I've been running it exclusively, so I should be faster now then I have been in the last 6 months. We'll see if I can respond to the traction quickly enough to stay competitive.

Ben


----------



## Crptracer

Sportpak did you get my PM


----------



## sportpak

Which one? It's all cool man, I'm ready to race.


----------



## Crptracer

ok man...


----------



## airborn

Crptracer said:


> 3 Illinois
> 4 to 6 from Indy
> 4 to 5 @summit
> 
> Vta looks to be fun


I bet there will be more from summit.

My son and I will be running VTA

seth


----------



## sportpak

There goes the neighborhood.


----------



## wallyworld

rockin_bob13 said:


> Wallyworld, did you get my pm?


 Yes. It's taken care of Bob. Sorry, my answer must not have not been sent.


----------



## wallyworld

airborn said:


> I bet there will be more from summit.
> 
> My son and I will be running VTA
> 
> seth


 There should be 10 plus VTA's from Summit.


----------



## IndyRC_Racer

So, unofficially the VTA count is....

10+...Ft. Wayne Racers
6+...Indianapolis Racers
3+...Illinois Racers
??...Mishawaka Racers
??...Other
----------
Looks like there should be at least 15 VTA racers, but likely we could see 20+. Any idea on how many cars you plan to put in a heat?


----------



## sportpak

I think 7 or 8 is the goal.

Ben


----------



## Miller Time

I think Tracie may want to sign up for Rubber Tire VTA


----------



## Crptracer

looks like 7 allready for rubba/13.5 from whats on the ROAR regional thread..Loooks like will get a good turnout for ya Dale...If ya need any help friday morning I should be there before the doors open depending on road conditions as it is a ice skating rink on 465 s and on 69...


----------



## jak43

With VTA we are looking at 6 to 8 in qualifiers depending on how many entries we get.
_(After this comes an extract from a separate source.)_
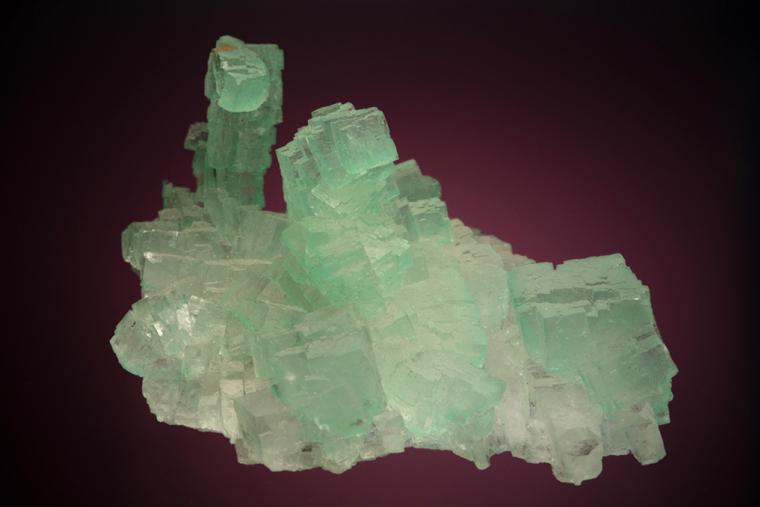 HALITE
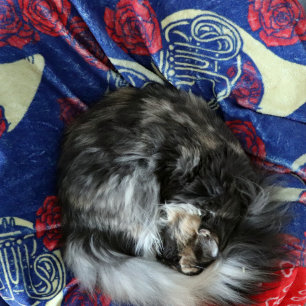 French Horn Fleece Blanket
Same for the other classes too.

John


----------



## Crptracer

.......Awesome show guys as always and had a blast you can always count on us to come up and give ya some #'s wish we could have got more for ya.....Anything else in store for the season....


Thanks for the fun time

Steve


----------



## IndyRC_Racer

Good layout, well run show, lots of fun!! Two thumbs up.

Thanks and can't wait for the next big race at Summit.


----------



## "Frank Ulbrik"

anyone plan'n on run'n 1/12th this friday?


----------



## fergie

"Frank Ulbrik" said:


> anyone plan'n on run'n 1/12th this friday?



Cory & I will most likely be there. I'm sure Zimmerman will, too.

What about you, Brad?


----------



## Miller Time

fergie said:


> Cory & I will most likely be there. I'm sure Zimmerman will, too.
> 
> What about you, Brad?


Zimmermans will be at the Home and Garden Show.
I'm a maybe?


----------



## "Frank Ulbrik"

Brad sounded like he's in when i talked to him earlier today. most likely i'll be there.


----------



## B-rad

"Frank Ulbrik" said:


> Brad sounded like he's in when i talked to him earlier today. most likely i'll be there.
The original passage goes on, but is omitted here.